Gemäß § 3 Z. 3 der Verordnung BGBl. Nr. 408/1995 sind aber lediglich solche Familienangehörige von Personen, für die ein Befreiungsschein ausgestellt ist, zur Antragstellung im Inland berechtigt, die eine Aufenthaltsbewilligung hatten. Die Erfüllung dieser Voraussetzung wird von der Beschwerdeführerin nicht einmal behauptet. Da die Beschwerdeführerin auch die übrigen Ausnahmebestimmungen des § 6 Abs. 2 AufG für sich nicht in Anspruch nehmen kann, hatte sie ihren Antrag unabhängig davon, ob die Voraussetzungen des § 3 Abs. 4 AufG vorlagen oder nicht, vor der Einreise nach Österreich vom Ausland aus zu stellen. Bei diesem Erfordernis handelt es sich um eine Voraussetzung, deren Nichterfüllung zwingend die Abweisung des Antrages nach sich zieht.
Insoweit die Beschwerdeführerin die Auffassung vertritt, sie sei durch den Inhalt des angefochtenen Bescheides in ihrem durch Art. 8 MRK geschützten Recht auf Familienleben verletzt, ist ihr zu entgegnen, daß der Gesetzgeber der AufG-Novelle 1995 mit den Bestimmungen des § 2 Abs. 3 Z. 4 AufG und des § 6 Abs. 2 dritter Satz AufG sowie der darin enthaltenen - von der Bundesregierung auch genützten - Verordnungsermächtigung jedenfalls in Ansehung von Angehörigen von Fremden, für die ein Befreiungsschein ausgestellt ist, bereits auf die durch die in Rede stehende Bestimmung der Europäischen Menschenrechtskonvention geschützten familiären Interessen Bedacht genommen hat. Gegen die im § 2 Abs. 3 Z. 4 AufG enthaltene Determinierung der Verordnungsermächtigung, wonach nur jene Familienangehörigen von Inhabern eines Befreiungsscheines zur Antragstellung im Inland ermächtigt werden können, die eine Aufenthaltsbewilligung hatten, bestehen beim Verwaltungsgerichtshof keine verfassungsrechtlichen Bedenken aus dem Grunde des Art. 8 Abs. 1 MRK (vgl. das hg. Erkenntnis vom 22. Februar 1996, Zl. 96/19/0161).

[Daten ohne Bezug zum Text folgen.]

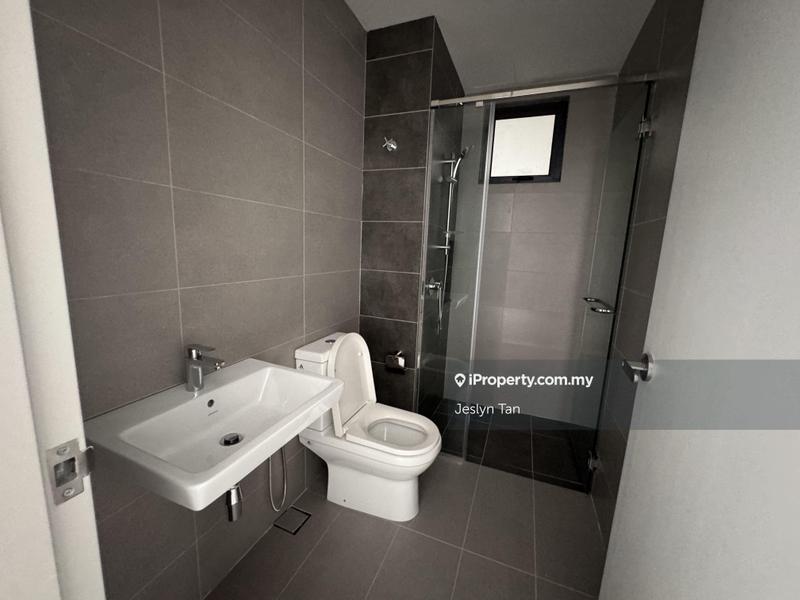 Service Residence for Sale in Sunway Belfield by Jeslyn Tan - iProperty.com.my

Die Bürgerkriegssituation in der Heimat der Beschwerdeführerin begründet keine über die familiären Interessen hinausgehenden, durch Art. 8 Abs. 1 MRK geschützten persönlichen Interessen in Österreich. Im übrigen ist auf private Interessen, die während (durch) einen illegalen Aufenthalt im Bundesgebiet begründet wurden, auch aus dem Grunde des Art. 8 Abs. 1 MRK, nicht Bedacht zu nehmen (vgl. das hg. Erkenntnis vom 23. Juni 1994, Zl. 94/18/0340).
Aufgrund dieser Ausführungen gehen auch die geltend gemachten Verfahrensrügen ins Leere, legt die Beschwerdeführerin doch ausschließlich dar, die belangte Behörde wäre bei Vermeidung der behaupteten Verfahrensfehler zum Ergebnis gekommen, daß sie als Kriegsflüchtling besonderer Not und Gefahr ausgesetzt sei und ausschließlich familiäre Beziehungen zu ihren in Österreich lebenden Söhnen besitze. Aufgrund dieser Umstände hätte die belangte Behörde aber nicht zu einem anderen Bescheid kommen können.
Aus diesen Erwägungen war die Beschwerde gemäß § 42 Abs. 1 VwGG als unbegründet abzuweisen.
Die Kostenentscheidung gründet auf die §§ 47 ff VwGG in Verbindung mit der Verordnung BGBl. Nr. 416/1994.